[En-Nut-Discussion] Possible problem with timers
mai at gemac.info
Thu Feb 25 11:10:14 CET 2016
ok, Mea Culpa.
I ignored, that the time for the timers is an int.
And, indeed, 64bit operations on an 8bit MCU are horrible. But any operation
greater than 16bit on an 8bit system ist horrible, more or less. 32bit is less,
64bit is more. To prevent this, there are enough options available. Best is to
compile such (additional) codeblocks only if MCU can handle it. AVR can not good
handle, also compile it only, if MCU is not an AVR. Symbols for those things are
available and well used in other librarys of the NutOS-framework.
So, please, rollback the timer code i posted.
But i think it is still a good idea, to have (additional) functions to get
Milliseconds and Ticks as 64bit value.
This is my additional code (Note that the original 32bit result function is
named "NutGetMillis()" ):
// carefully stay within 32 bit values
ticks = NutGetFullTickCount();
uint64_t seconds = ticks / NutGetTickClock();
ticks -= seconds * NutGetTickClock();
ticks = seconds * 1000 + (ticks * 1000 ) / NutGetTickClock();
ticks = system_time.tv_sec * 1000 + system_time.tv_usec / 1000;
struct timeval timeNow;
gettimeofday( &timeNow, NULL );
rc = (timeNow.tv_sec - timeStart.tv_sec) * 1000;
rc += (timeNow.tv_usec - timeStart.tv_usec) / 1000;
rc = nut_ticks;
/* 64bit value readings needs more than one op, therefore encapsulate as
critical section */
rc = nut_ticks;
* extended (64bit) API (do not use for 8bit AVR Machines)
extern uint64_t NutGetFullTickCount(void);
extern uint64_t NutGetMilliseconds(void);
now this funtions can be used in 32bit systems for timestamps, own timing
functions and so on, without the risc of overflows all 49 days for the
milliseconds function.
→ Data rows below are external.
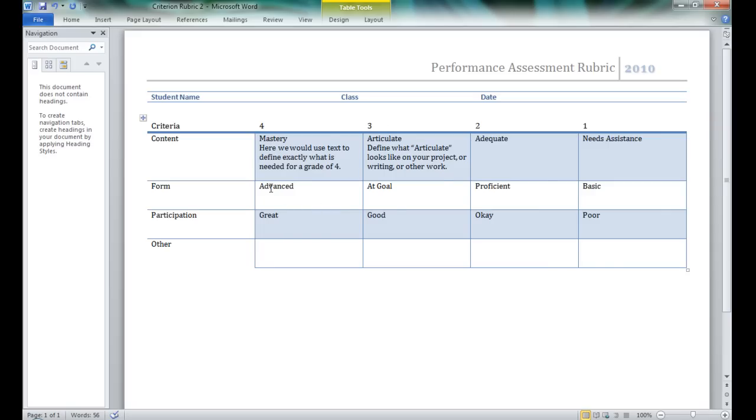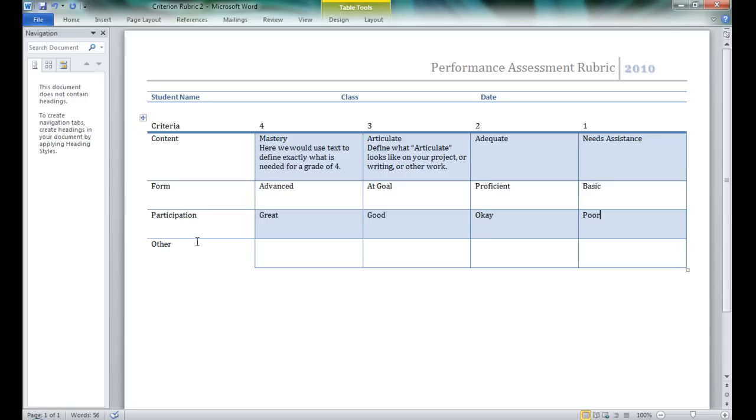What does it mean to be advanced, for your form to be advanced? What does it mean for your participation to be great, to be good, to be okay, or to be poor? So we want definite parameters defined within each of these boxes.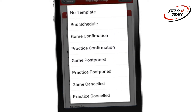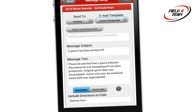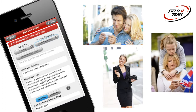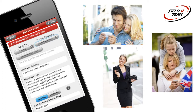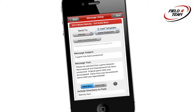With Field a Team, you can automate your team communications by utilizing pre-written templates for game and practice confirmations, schedule updates, cancellations, and other team communications. You can even set a one-time rule in the app and let Field a Team handle all your communications to parents and players, keeping everyone abreast of your team activities.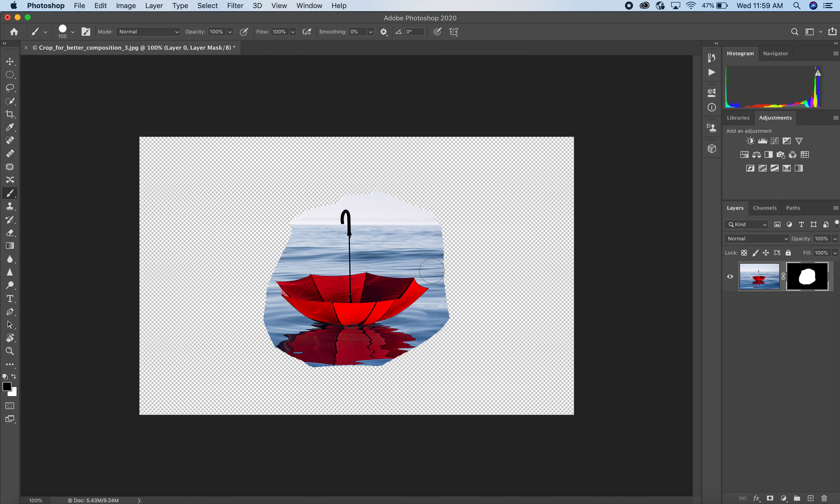I can always hit Command Z if I don't like what I did. I'll Option-click to inspect the layer mask, then paint with white on the document window so you can see what's happening. Then I hit the X key to switch my foreground and background color from white to black, and now I'm erasing the layer mask. So starting with a selection, we can further augment our layer mask with the brush tool.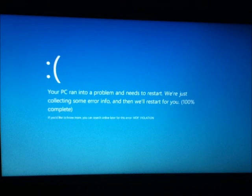It's an error message screen. Because you can't read it, it says your PC ran into a problem and needs to restart. We're just collecting some error info and then you'll restart. There's a percent and it's 100% complete. Then it says some error down there that I can't read because I took it with my iPod.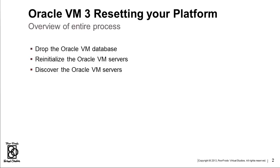Once all that's done, you will have a completely clean slate to start over with. At this point, you can discover the servers again using the same manager, discover them using another manager, or use them for some other purpose.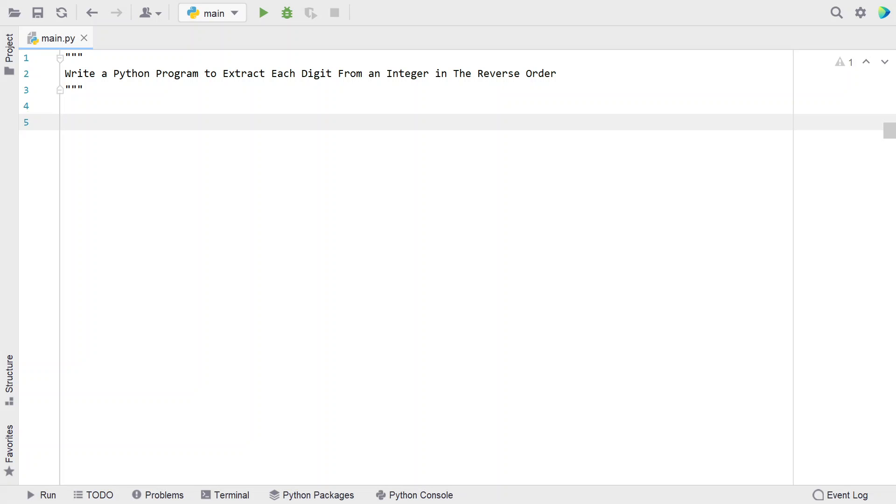Hi guys, welcome to my YouTube channel. In this video let's learn a Python program to extract each digit from an integer in the reverse order.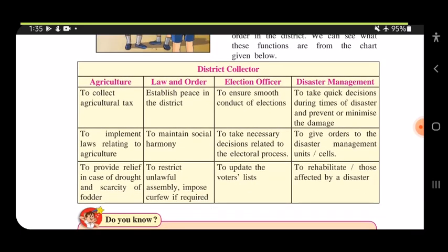The first function is agriculture. The District Collector has to collect agricultural tax. He also needs to implement laws relating to agriculture, and provide relief in case of drought and scarcity of fodder — where the land becomes very dry and there is no water.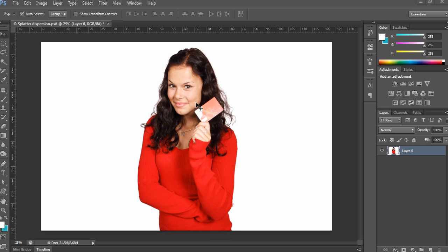In this video I show you how to create a dispersion effect for any image. This is very simple to create in Photoshop. I show you this dispersion effect in three methods. This is the first method tutorial, where I simply show you dispersion without using any brush tool. This is a cool tutorial, so let's start.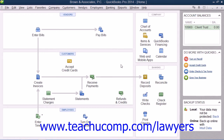You can enable classes within QuickBooks in order to classify all transactions for reporting purposes. As used within law firms, classes often represent individual lawyers, partners, or departments within the firm. You can then create reports within QuickBooks that can detail transaction amounts by class.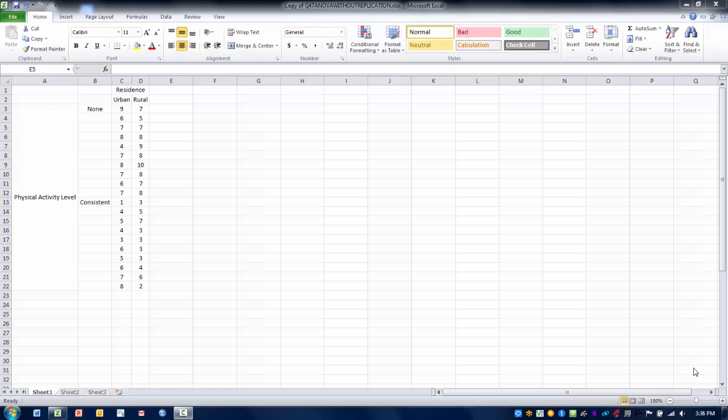In this video I will demonstrate how to perform the ANOVA two-factor without replication. This tests for differences between the means of two or more independent groups or measures.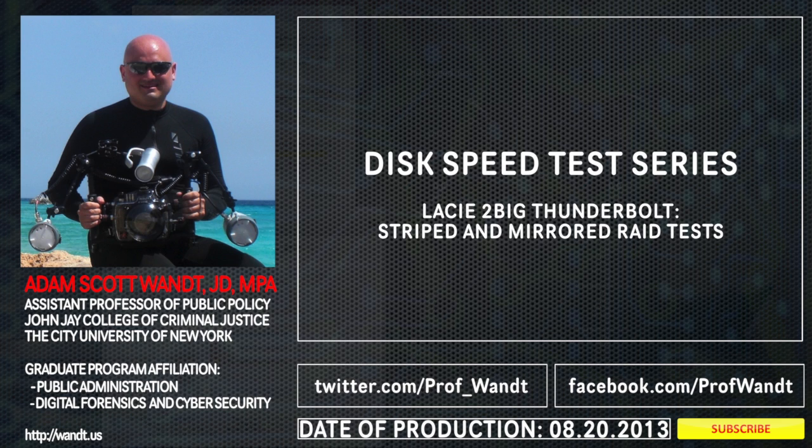I just unboxed the LaCie 2Big Thunderbolt series 6TB drive, and we're going to do a speed test with Blackmagic's disk speed test. We're going to conduct two different tests, both as a striped RAID set and a mirrored RAID set.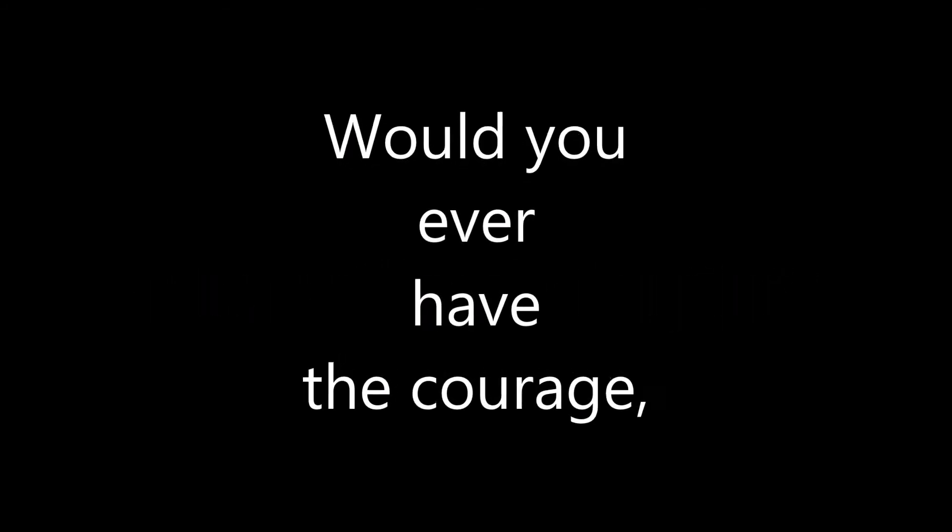Have you heard about the soldiers who selflessly inspire? Would you ever have the courage to throw your fear on the fire?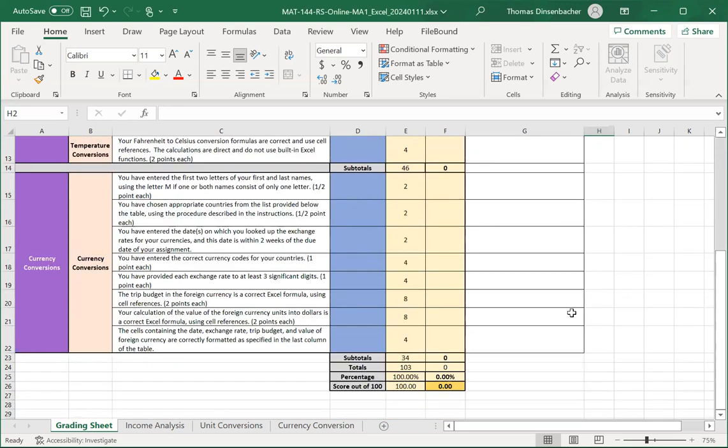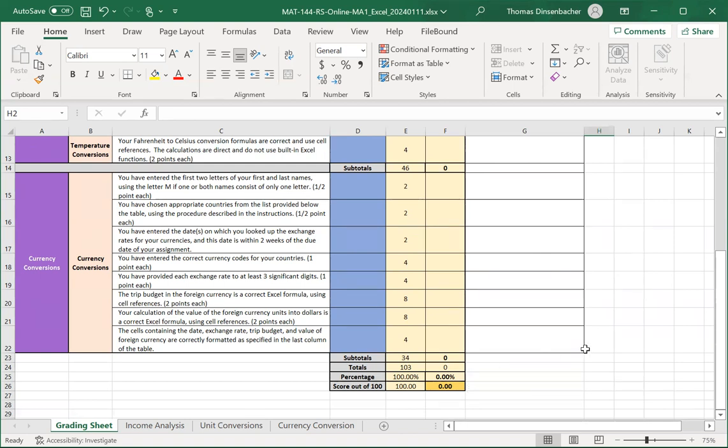The total at the bottom will be out of the total of 103 for the assignment, and then that'll be scaled to a score out of 100 that you'll also see when you receive your feedback in the gradebook in Halo.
For 32bit-Ticks the overflow time is dependent to the
Ticktime and may be longer (>1ms), equal (=1ms) or shorter (<1ms Ticktime)
Nathan Moore wrote:
With a system time that rolls over it is fairly easily handle rollovers as
timers are never created with durations greater than 1/2 that of
unsigned_ticks_max (0xFFFFFFFF, for a 32 bit tick counter).
To do this rather than:
if (expire_time <= current_time)
if (0<= (expire_time - current_time)
Oh, and you have to make sure that you service your timers often enough that
you never let anything sit in the timer queue longer than 1/2 of
unsigned_ticks_max because if things in the queue get old enough they will
cease to be expired and become unexpired again. Likewise, a time that it
far into the future will appear to be already expired, but this could be
by the timer creation routine.
This will avoid introducing 64 bit values, which were horrible on AVR the
time that I looked, and also avoid having to worry about what happens to
after 584558050 years of continuous operation of a Nut/OS system.